## PROBLEM STATEMENT
Going down the listing below, print exactly each line from the one with "Hotel Express &" up to and including the one with "Hostly - La Spina Apartment Pisa", and skip the rest.

## WORKING DATA
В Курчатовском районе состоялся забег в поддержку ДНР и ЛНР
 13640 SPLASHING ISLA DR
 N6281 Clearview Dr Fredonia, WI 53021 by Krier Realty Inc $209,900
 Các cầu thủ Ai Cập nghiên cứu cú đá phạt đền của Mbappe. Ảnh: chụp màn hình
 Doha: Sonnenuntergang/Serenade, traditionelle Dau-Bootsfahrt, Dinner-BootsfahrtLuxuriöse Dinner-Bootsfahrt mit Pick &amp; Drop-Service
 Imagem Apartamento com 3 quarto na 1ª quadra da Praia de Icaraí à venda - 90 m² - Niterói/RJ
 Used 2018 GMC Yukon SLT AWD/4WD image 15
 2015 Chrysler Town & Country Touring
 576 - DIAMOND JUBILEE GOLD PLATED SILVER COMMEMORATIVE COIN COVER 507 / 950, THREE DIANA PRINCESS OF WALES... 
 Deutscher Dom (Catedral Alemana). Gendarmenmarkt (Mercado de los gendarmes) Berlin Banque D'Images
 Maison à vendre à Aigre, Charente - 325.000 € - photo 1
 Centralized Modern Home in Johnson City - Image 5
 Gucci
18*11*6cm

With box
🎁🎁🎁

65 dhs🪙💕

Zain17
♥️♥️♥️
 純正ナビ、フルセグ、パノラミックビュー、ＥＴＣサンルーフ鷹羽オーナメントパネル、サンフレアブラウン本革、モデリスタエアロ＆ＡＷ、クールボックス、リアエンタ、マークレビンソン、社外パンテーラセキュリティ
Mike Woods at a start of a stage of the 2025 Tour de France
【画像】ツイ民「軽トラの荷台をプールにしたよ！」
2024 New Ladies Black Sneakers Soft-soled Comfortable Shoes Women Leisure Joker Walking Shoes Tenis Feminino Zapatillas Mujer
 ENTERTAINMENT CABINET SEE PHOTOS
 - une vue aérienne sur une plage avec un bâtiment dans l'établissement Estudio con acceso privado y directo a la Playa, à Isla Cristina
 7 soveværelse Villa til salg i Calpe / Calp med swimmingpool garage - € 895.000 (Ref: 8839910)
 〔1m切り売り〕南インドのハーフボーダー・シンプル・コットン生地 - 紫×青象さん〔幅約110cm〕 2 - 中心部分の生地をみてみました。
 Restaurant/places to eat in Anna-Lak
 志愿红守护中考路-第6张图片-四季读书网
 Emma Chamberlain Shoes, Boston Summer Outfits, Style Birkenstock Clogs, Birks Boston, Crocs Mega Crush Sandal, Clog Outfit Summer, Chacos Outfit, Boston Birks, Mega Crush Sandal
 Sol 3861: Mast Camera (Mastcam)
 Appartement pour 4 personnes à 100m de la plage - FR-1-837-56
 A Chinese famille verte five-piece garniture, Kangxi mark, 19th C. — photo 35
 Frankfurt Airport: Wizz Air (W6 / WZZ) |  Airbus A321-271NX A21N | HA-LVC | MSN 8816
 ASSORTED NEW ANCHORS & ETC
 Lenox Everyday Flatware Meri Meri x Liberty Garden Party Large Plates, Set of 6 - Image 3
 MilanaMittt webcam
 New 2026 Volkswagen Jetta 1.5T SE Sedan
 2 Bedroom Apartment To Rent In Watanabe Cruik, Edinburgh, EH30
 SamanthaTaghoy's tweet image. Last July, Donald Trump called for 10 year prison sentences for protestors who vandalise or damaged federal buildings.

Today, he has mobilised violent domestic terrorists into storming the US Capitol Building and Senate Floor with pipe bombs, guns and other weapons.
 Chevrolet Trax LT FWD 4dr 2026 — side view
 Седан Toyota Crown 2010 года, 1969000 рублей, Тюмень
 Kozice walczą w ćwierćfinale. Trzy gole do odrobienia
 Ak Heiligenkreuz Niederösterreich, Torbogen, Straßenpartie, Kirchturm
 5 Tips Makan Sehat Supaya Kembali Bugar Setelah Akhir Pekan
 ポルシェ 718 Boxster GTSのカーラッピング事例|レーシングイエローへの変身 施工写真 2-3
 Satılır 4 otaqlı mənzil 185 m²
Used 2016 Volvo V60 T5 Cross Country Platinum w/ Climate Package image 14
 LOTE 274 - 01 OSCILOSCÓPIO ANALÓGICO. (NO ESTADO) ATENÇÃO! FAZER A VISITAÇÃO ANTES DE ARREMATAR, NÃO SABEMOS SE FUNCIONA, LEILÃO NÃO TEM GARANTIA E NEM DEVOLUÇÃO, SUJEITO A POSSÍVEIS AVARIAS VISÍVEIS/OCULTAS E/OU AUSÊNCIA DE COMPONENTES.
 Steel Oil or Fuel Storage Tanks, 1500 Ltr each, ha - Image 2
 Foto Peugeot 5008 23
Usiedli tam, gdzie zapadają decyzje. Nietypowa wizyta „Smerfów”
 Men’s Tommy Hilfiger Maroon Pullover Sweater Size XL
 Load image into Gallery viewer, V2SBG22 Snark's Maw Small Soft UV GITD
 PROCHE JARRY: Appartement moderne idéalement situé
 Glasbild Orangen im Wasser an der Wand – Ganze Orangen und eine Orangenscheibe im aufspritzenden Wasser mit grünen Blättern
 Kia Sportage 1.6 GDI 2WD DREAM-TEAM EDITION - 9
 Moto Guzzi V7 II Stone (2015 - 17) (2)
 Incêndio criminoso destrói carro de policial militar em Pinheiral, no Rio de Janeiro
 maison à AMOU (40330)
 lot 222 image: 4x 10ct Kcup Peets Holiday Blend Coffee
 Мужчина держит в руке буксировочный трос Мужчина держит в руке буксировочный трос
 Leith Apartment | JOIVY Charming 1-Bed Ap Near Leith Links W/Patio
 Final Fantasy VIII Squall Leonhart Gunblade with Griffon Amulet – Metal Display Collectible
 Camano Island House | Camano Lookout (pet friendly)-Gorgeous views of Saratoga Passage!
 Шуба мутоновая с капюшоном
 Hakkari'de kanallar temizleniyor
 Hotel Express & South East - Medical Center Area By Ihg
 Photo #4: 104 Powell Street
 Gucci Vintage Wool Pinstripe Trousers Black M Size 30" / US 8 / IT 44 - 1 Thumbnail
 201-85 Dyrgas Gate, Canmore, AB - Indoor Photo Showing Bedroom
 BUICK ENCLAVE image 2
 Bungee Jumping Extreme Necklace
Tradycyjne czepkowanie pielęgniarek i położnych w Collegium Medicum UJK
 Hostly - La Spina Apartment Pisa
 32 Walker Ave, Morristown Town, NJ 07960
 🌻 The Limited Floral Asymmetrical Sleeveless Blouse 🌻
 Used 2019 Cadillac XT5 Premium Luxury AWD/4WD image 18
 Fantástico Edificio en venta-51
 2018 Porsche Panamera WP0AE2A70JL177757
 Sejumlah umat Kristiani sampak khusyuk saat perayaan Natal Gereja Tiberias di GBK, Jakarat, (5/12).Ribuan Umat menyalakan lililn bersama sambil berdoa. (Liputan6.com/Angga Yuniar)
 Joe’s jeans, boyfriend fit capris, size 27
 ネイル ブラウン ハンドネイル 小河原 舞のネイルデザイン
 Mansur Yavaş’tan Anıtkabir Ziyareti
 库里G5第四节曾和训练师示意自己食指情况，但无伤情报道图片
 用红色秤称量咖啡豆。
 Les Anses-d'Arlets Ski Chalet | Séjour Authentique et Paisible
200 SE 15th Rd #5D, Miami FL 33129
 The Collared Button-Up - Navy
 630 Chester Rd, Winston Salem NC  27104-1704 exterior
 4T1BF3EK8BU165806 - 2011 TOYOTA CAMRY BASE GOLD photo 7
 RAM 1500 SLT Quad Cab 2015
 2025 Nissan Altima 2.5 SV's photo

## RESULT
 Hotel Express & South East - Medical Center Area By Ihg
 Photo #4: 104 Powell Street
 Gucci Vintage Wool Pinstripe Trousers Black M Size 30" / US 8 / IT 44 - 1 Thumbnail
 201-85 Dyrgas Gate, Canmore, AB - Indoor Photo Showing Bedroom
 BUICK ENCLAVE image 2
 Bungee Jumping Extreme Necklace
Tradycyjne czepkowanie pielęgniarek i położnych w Collegium Medicum UJK
 Hostly - La Spina Apartment Pisa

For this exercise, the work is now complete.